A: Would be out-of-pocket unless a covered service.

Q: Will mid-level providers performing AWVs be reimbursed the same as a physician providing the service?

A: This question was not able to be answered. The listener was asked to send the question to the following email nationalprovidercall@cms.hhs.gov with the subject line reading “IPPE/AWV Call Question.”

Q: Will everyone get the answers that were not provided today or just the person who sent the email?

A: CMS will not be compiling the answers, but will post frequently asked questions on their website.

Q: We are getting edits when billing the EKG with the IPPE and the EKG is being denied.

A.This question was not able to be answered. The listener was asked to send the question to the following email nationalprovidercall@cms.hhs.gov with the subject line reading “IPPE/AWV Call Question.”

Q: Can V70.5 (unspecified health examination) be used as a diagnosis for IPPE or AWV?

A: Yes, any diagnosis can be used.

Q: Can a medically-necessary EKG (93000) be billed with a IPPE or AWV?

A: Yes.

Q: What should we do when a Medicare patient refuses the AWV and wants a traditional preventive visit? Do we get an ABN signed and charge the 99397 per the patient’s request?

A: Yes. Treat the preventive service the way you would any other non-covered service.

Q: Can an IPPE be provided with a pap and pelvic?

A: Yes.

Q: If providing an IPPE, pap and pelvic, breast exam and a physical examination to a Medicare beneficiary, can the physician choose NOT to bill the patient for the physical exam?

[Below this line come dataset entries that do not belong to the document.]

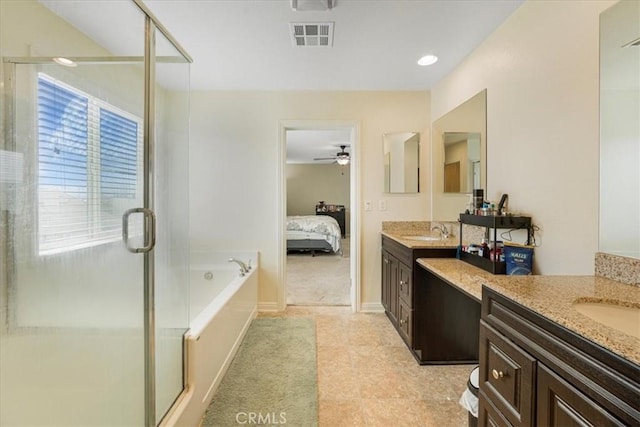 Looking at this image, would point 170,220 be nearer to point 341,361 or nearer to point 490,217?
point 341,361

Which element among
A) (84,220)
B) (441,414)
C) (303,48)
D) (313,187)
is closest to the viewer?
(84,220)

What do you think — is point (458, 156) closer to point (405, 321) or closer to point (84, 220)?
point (405, 321)

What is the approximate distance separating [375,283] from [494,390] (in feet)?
7.06

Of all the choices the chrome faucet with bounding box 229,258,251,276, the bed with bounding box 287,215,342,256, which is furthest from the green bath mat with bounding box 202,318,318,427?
the bed with bounding box 287,215,342,256

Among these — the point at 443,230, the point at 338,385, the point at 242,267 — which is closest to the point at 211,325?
the point at 338,385

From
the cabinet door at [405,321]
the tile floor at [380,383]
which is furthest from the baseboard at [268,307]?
the cabinet door at [405,321]

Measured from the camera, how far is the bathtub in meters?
1.61

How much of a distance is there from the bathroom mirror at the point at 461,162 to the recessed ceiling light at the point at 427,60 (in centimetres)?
65

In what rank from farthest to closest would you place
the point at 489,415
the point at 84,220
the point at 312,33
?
the point at 312,33, the point at 84,220, the point at 489,415

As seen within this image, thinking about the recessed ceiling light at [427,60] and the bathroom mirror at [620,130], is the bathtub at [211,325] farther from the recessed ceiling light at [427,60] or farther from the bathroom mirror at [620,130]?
the recessed ceiling light at [427,60]

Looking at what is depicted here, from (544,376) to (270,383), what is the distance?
5.28 feet

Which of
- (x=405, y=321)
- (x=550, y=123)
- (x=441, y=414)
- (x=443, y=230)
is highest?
(x=550, y=123)

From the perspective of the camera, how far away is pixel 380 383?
1997 millimetres

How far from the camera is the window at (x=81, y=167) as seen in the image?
3.99ft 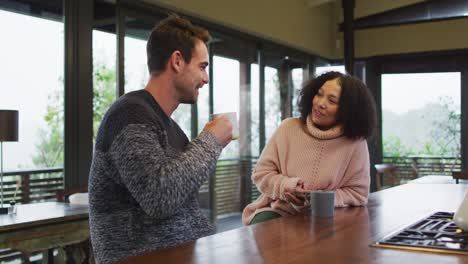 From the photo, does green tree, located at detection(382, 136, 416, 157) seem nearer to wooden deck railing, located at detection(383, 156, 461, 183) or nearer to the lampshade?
wooden deck railing, located at detection(383, 156, 461, 183)

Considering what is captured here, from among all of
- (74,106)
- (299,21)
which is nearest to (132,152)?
(74,106)

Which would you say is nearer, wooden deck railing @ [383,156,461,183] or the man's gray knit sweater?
the man's gray knit sweater

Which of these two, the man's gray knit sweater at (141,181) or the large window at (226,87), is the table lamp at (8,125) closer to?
the man's gray knit sweater at (141,181)

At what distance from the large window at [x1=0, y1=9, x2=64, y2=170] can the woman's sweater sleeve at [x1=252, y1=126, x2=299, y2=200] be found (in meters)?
1.74

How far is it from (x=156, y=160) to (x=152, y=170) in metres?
0.03

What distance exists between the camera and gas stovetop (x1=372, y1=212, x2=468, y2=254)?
3.58 feet

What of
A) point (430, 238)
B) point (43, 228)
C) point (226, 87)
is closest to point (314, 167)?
point (430, 238)

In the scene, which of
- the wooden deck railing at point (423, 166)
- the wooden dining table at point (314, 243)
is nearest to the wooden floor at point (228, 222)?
the wooden deck railing at point (423, 166)

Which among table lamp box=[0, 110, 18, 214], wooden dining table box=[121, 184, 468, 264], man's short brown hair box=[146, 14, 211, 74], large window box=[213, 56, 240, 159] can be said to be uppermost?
large window box=[213, 56, 240, 159]

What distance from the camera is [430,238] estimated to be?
1197 millimetres

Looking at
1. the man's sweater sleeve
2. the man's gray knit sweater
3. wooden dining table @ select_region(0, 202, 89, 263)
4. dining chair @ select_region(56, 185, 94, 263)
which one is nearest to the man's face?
the man's gray knit sweater

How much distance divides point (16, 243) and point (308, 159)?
1.33 metres

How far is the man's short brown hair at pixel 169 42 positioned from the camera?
136cm

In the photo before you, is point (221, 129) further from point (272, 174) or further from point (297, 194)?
point (272, 174) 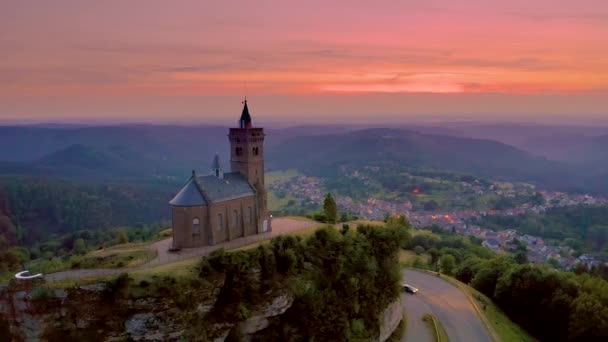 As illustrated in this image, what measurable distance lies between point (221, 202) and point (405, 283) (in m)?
27.2

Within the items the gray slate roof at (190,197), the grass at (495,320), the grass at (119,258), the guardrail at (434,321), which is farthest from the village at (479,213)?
the grass at (119,258)

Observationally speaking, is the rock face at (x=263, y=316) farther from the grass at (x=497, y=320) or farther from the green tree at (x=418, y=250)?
the green tree at (x=418, y=250)

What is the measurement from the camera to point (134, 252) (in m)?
35.4

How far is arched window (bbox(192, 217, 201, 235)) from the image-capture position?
36.5m

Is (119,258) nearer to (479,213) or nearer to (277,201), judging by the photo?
(277,201)

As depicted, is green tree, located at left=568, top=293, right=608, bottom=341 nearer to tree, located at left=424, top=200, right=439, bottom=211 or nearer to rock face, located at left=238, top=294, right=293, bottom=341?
rock face, located at left=238, top=294, right=293, bottom=341

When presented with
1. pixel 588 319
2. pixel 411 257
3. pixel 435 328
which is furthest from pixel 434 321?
pixel 411 257

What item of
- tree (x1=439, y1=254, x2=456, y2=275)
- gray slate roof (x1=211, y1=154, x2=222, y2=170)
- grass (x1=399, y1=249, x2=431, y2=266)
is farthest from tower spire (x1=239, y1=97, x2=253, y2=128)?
tree (x1=439, y1=254, x2=456, y2=275)

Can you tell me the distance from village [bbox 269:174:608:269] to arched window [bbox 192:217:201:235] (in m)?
56.1

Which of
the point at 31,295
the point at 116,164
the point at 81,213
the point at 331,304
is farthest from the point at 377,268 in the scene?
the point at 116,164

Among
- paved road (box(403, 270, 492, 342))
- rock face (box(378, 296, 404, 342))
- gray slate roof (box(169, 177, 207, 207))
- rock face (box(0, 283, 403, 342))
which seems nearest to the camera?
rock face (box(0, 283, 403, 342))

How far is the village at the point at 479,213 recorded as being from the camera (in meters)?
96.0

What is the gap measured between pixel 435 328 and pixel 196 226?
24.1m

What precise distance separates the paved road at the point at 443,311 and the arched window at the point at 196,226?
21.2 meters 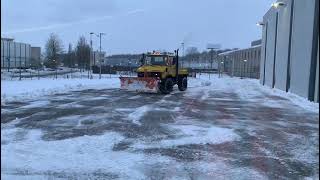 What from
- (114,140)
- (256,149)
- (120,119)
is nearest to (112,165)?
(114,140)

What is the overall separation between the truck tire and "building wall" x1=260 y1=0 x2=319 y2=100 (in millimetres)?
8151

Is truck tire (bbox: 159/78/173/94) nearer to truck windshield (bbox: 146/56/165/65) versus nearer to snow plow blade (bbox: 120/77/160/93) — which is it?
snow plow blade (bbox: 120/77/160/93)

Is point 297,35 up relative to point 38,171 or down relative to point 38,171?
up

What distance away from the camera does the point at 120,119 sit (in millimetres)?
15922

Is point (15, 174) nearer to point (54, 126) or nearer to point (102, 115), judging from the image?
point (54, 126)

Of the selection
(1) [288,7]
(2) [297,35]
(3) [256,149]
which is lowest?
(3) [256,149]

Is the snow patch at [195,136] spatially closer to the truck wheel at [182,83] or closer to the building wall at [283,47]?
the truck wheel at [182,83]

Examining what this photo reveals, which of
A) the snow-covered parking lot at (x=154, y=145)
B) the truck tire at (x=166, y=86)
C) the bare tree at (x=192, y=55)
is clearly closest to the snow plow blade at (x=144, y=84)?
the truck tire at (x=166, y=86)

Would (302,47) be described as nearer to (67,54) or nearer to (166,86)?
(166,86)

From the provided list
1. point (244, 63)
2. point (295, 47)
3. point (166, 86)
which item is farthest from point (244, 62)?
point (166, 86)

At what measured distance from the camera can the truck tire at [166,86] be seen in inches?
1225

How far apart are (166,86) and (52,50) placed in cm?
7900

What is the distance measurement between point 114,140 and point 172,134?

A: This question was not able to be answered. The listener was asked to send the question to the following email nationalprovidercall@cms.hhs.gov with the subject line reading “IPPE/AWV Call Question.”

Q: We are having problems with Medicare beneficiaries turning down the IPPE or AWV, asking for an annual physical examination (preventive service), then getting a bill, then calling Medicare and the Medicare rep telling the patient that they should never have been charged.

A: The speakers asked for details about the caller’s experience in an email to: nationalprovidercall@cms.hhs.gov with the subject line reading “IPPE/AWV Call Question.”

Q: On the Medicare Preventive Physical Exam form, what is the “Up and Go” test?

A: This question was not able to be answered due to the form not being recognized. The listener was asked to send the form to the following email nationalprovidercall@cms.hhs.gov with the subject line reading “IPPE/AWV Call Question.”

Q: We are having problems with patients asking for the AWV, but presenting with medical issues. The patients want the service without having to pay the deductible or co-insurance.

A: You can bill for an E & M in addition to the AWV, but the deductible and co-insurance will apply.

Note: if you have a question that was not answered today, you can send it to the following email nationalprovidercall@cms.hhs.gov with the subject line reading “IPPE/AWV Call Question.” Every question will not be able to be answered, but they will try to answer as many as possible.

Mary Pat’s Suggestions to CMS for future calls:

  1. Don’t make presenters with laryngitis participate.
  2. Coach all presenters in speaking for an audio presentation – speak slowly, speak loudly, don’t move your head around (causes volume spikes and dips) and be cautious of the auditory disruption turning papers and coughing causes, OR
  3. Have a professional or experienced speaker present the slides – no commentary is being given so the CMS experts aren’t needed to speak through the slides.
  4. Have one facilitator delegating each question to a specific expert to answer it.